Although the 430,000-square-foot building will contain classrooms, a bookstore, and cafeteria and hangout spaces, it will be devoted primarily to administrative offices and a library with integrated study zones. “We wanted to get these two program parts very clear,” says Cornelius Schlotthauer, project architect and one of two heads of the firm’s Hamburg studio. “We created basically two volumes within this space, and they shift around each other to define an internal open space.”

The two volumes appear freestanding, but actually form a canted, six-story polygonal structure largely comprising four reverse-tapered trapezoidal cones of structural concrete. In order to suggest that the administrative and library volumes occupy separate volumes, the exterior of the library-programmed space will be clad in fiberglass-reinforced concrete panels that are darker than the offices’ skin. Schlotthauer adds that the color scheme accentuates the library’s cantilevering top floors.
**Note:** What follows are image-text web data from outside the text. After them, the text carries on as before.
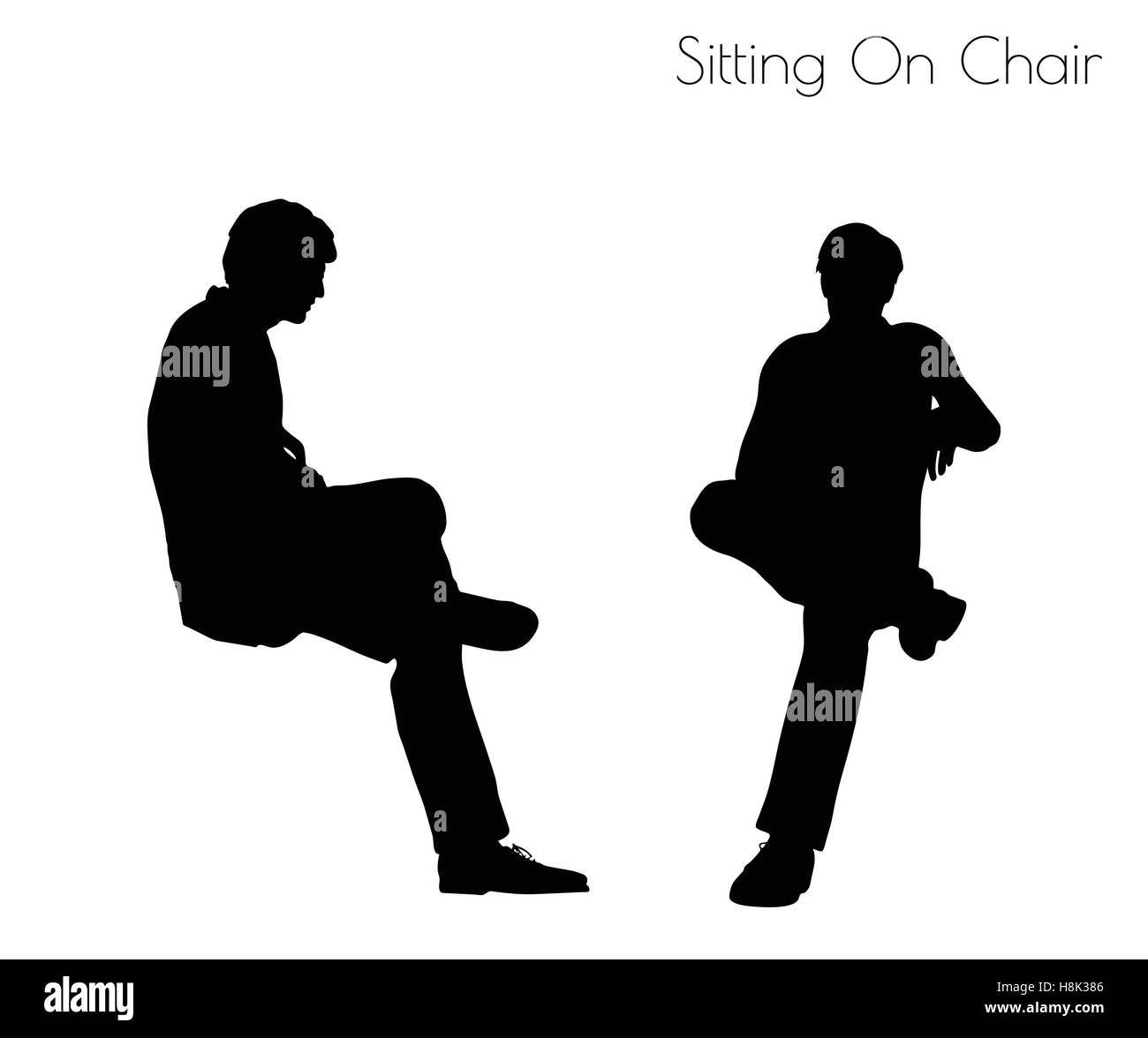 Silhouette Man Sitting On Chair Black and White Stock Photos & Images ...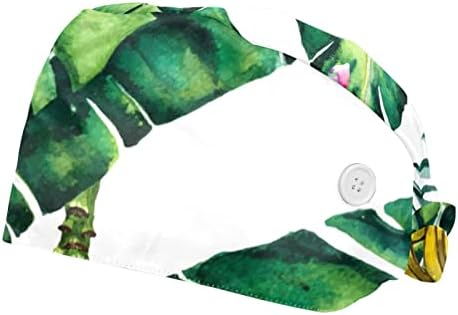 2 парчиња работни капачиња со копче од тиква вратоврска грб буфран капи за дишење на косата, бел тропски лист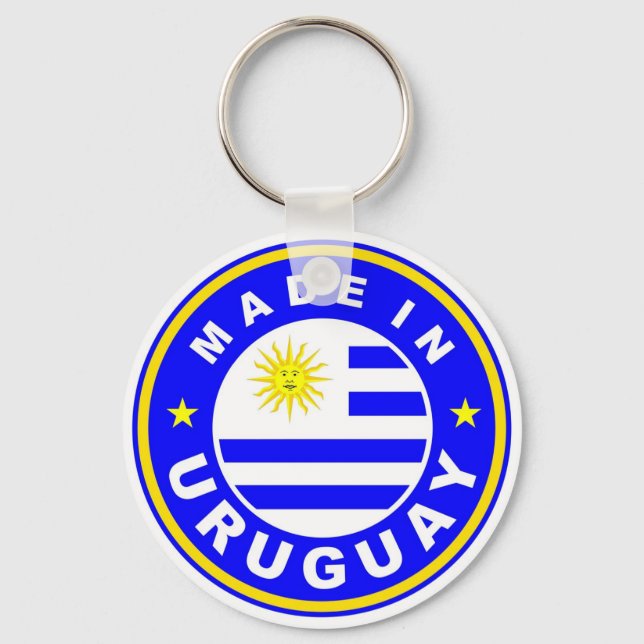 product country flag label made in uruguay key ring (Front)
Inside, the winning design articulates the distinction by distributing rooms into seemingly disparate volumes—as if programs occupy different towers, or, as Schlotthauer calls them, “canyons.” The gesture evokes the concrete cones framing the composition, introduces a curvilinear vocabulary that contrasts with the facade’s straight edges, and yields a large public atrium.

The Library and Learning Center should be completed in 2012. It is one of five buildings that will make up the new campus, according to a master plan conceived by local design studio BUSarchitektur.